|
Sunday 27th April 2008
Is suffering necessary to creativity?
Earlier last year I went to the Cambridge Music conference which sounds stuffier than it actually is.
In fact, it was a conference on the theme of "suffering". Many of the sessions focused on the Parzifal story, cast perfhapsmost famously into words by Wolfram von Eschenbach. So much of the arising discussion explored whether suffering is always necessary to human growth. In many story traditions, the "hero" is taken through a journey of suffering, a fall only to rise again (though sometimes to die in the process of striving). The dark night of the soul isa theme explored in so many art forms and stories.

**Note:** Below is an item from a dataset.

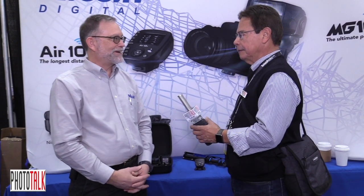Hi, Anthony here at WPPI 2018 conference in Las Vegas, Nevada. I'm talking to the representative from Nissin and he's going to give us information about what can help photographers today, especially at this show. Welcome. Thank you, thanks for having me.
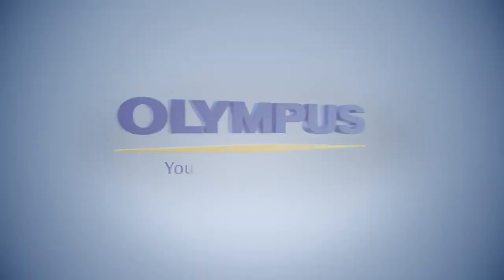If you would like more detailed information regarding these products, please contact your Olympus colleagues in your region, or alternatively check our website at olympus-lifescience.com. Thank you very much.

In order to climb the "twelve steps" out of alcoholism (according to Alcoholics Anonymous) must we always fall to the very bottom. Must it always been the 12 steps or can we half fall and then just climb the top six? Many accounts of the 12-step program claim you have to reach rock bottom, to fundamentally admit to the reality of "I am an alcoholic" in order to successfully climb out of the pit into which you have fallen?
A speaker at the conference, one time Beirut hostage, Brian Keenan, described how, in the pit of despair and the daily emotional torture from his captors, he stumbled upon his "true self", his inner light, his physically untouchable "free spirit", which then extinguished much of the power his captors held over him. In his view, "suffering" was once framed differently. In earlier days, the suffering artist rarely truly starved - the storyteller's value was recognised by the community and the bowl was always filled with some food. The "hermit" in India is often visited by the villages and given food and fuel. Community becomes a kind of legitimisation of suffering, as suffering of the artist or inner traveler is seen by the community as somehow fundamental to its own survival and growth. Superstition? Or something more tangible?
Is suffering necessary to the creative process? Do we need shadow to enjoy our light all the more? To come out of the wretched contentment- the numb mediocrity of the current age - must we make ourselves wretched? Or can we short cut out of wretched contentment, through some creative steps, directly into a state of real, deeper happiness or satisfaction? Must we always go downhill in order to then go uphill "properly"?
Is pain necessary to a longer term appreciation of joy? Must we cut off our ears in order to then realise how valuable our hearing was?
Monday 28th April 2008
A new session added to the programme from Chris Tero and Amy Barnes. Look’s every emergent and positively unplanned. I wonder if the practice of emergence is possible? Can we actually structure around an emergent process or does that undermine it? Amy and Chris are very much about minimal process allowing a “space” to be provided where emergent play and creativity can “happen”. Interesting and intriguing.
Tuesday 29th April 2008
Jack Martin Leith is joining me for an extra session on the 14th May which strays into “taboo” territory of daring to question the dogma of “Open Space Technology”. We are going to positively suggest some new development for this approach to spontaneous meeting and conferencing. I wonder if the creator, Harrison Owen will join in on Skype? Or even storm the walls?